(Beginning of Information shown)

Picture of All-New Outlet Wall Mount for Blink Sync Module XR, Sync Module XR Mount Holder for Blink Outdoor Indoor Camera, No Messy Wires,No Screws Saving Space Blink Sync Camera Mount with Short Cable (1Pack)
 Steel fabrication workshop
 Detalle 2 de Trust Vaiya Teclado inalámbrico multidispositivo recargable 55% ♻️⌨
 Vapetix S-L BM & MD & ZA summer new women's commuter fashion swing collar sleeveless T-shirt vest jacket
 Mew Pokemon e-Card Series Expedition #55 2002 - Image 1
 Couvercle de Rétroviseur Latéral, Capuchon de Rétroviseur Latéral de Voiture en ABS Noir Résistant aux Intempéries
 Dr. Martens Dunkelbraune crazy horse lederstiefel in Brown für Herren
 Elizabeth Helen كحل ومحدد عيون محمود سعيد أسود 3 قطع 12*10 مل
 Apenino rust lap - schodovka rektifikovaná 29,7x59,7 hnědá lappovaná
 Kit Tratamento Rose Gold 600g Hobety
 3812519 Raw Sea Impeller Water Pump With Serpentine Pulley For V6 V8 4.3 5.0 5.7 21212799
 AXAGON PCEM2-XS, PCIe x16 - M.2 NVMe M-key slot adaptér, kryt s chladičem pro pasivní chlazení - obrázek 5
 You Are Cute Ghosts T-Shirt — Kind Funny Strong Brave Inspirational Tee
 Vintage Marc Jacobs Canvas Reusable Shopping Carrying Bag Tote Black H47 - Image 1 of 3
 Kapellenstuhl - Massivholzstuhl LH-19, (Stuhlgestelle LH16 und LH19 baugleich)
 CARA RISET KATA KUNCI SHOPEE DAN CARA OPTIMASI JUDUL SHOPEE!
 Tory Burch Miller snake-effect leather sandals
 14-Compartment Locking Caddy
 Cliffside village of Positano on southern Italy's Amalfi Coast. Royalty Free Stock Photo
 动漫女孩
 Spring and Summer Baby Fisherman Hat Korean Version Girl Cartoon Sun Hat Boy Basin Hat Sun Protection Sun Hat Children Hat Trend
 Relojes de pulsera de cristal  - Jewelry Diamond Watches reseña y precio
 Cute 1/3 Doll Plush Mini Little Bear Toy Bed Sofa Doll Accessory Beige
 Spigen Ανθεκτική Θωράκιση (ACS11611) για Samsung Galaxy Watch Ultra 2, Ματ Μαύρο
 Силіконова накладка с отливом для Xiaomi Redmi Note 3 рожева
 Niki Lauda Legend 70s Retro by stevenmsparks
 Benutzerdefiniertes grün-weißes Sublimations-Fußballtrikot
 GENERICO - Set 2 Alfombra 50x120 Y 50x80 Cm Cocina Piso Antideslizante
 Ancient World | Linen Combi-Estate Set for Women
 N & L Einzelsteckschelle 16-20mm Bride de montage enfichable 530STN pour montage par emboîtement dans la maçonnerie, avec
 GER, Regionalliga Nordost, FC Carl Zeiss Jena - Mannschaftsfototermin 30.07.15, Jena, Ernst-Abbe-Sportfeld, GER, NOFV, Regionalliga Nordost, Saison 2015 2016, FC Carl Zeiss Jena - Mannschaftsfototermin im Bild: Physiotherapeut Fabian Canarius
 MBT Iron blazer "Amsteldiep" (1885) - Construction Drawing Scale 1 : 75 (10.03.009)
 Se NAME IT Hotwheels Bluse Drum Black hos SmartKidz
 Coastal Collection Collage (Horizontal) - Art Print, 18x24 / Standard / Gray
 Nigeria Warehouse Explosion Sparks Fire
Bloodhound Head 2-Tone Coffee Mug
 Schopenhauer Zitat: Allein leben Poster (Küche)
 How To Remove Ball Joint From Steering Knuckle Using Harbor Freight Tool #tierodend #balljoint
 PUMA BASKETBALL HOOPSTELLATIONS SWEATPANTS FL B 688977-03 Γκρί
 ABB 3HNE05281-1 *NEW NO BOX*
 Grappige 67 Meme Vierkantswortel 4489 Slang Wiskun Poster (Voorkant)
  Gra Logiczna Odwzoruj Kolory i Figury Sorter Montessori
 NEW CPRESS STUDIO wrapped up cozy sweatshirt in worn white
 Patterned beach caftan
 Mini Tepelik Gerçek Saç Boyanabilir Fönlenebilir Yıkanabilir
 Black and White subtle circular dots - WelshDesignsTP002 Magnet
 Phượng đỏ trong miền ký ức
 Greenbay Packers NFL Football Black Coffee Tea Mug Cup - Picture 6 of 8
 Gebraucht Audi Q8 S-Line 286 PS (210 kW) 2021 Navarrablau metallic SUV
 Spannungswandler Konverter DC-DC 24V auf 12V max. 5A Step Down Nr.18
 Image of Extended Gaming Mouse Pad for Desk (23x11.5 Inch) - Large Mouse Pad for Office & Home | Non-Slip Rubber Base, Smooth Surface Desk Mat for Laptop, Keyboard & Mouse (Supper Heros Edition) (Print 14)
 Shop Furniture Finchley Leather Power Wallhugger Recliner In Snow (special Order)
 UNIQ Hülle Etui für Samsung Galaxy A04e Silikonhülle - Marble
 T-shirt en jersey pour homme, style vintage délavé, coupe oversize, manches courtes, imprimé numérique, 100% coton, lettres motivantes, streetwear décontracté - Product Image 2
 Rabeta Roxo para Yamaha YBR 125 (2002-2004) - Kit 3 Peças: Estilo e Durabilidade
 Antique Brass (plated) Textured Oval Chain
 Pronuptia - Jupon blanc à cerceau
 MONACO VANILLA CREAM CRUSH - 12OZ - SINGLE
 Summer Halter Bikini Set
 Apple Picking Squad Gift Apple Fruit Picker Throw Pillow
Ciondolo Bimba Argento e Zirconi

(End of Information shown)

▸ **Your objective**: From the listing above, the lines starting with the one that has "Se NAME IT Hotwheels" and running through the one that has "Gra Logiczna Odwzoruj" should be copied exactly, ends included.

▸ **Completed exercise**:
 Se NAME IT Hotwheels Bluse Drum Black hos SmartKidz
 Coastal Collection Collage (Horizontal) - Art Print, 18x24 / Standard / Gray
 Nigeria Warehouse Explosion Sparks Fire
Bloodhound Head 2-Tone Coffee Mug
 Schopenhauer Zitat: Allein leben Poster (Küche)
 How To Remove Ball Joint From Steering Knuckle Using Harbor Freight Tool #tierodend #balljoint
 PUMA BASKETBALL HOOPSTELLATIONS SWEATPANTS FL B 688977-03 Γκρί
 ABB 3HNE05281-1 *NEW NO BOX*
 Grappige 67 Meme Vierkantswortel 4489 Slang Wiskun Poster (Voorkant)
  Gra Logiczna Odwzoruj Kolory i Figury Sorter Montessori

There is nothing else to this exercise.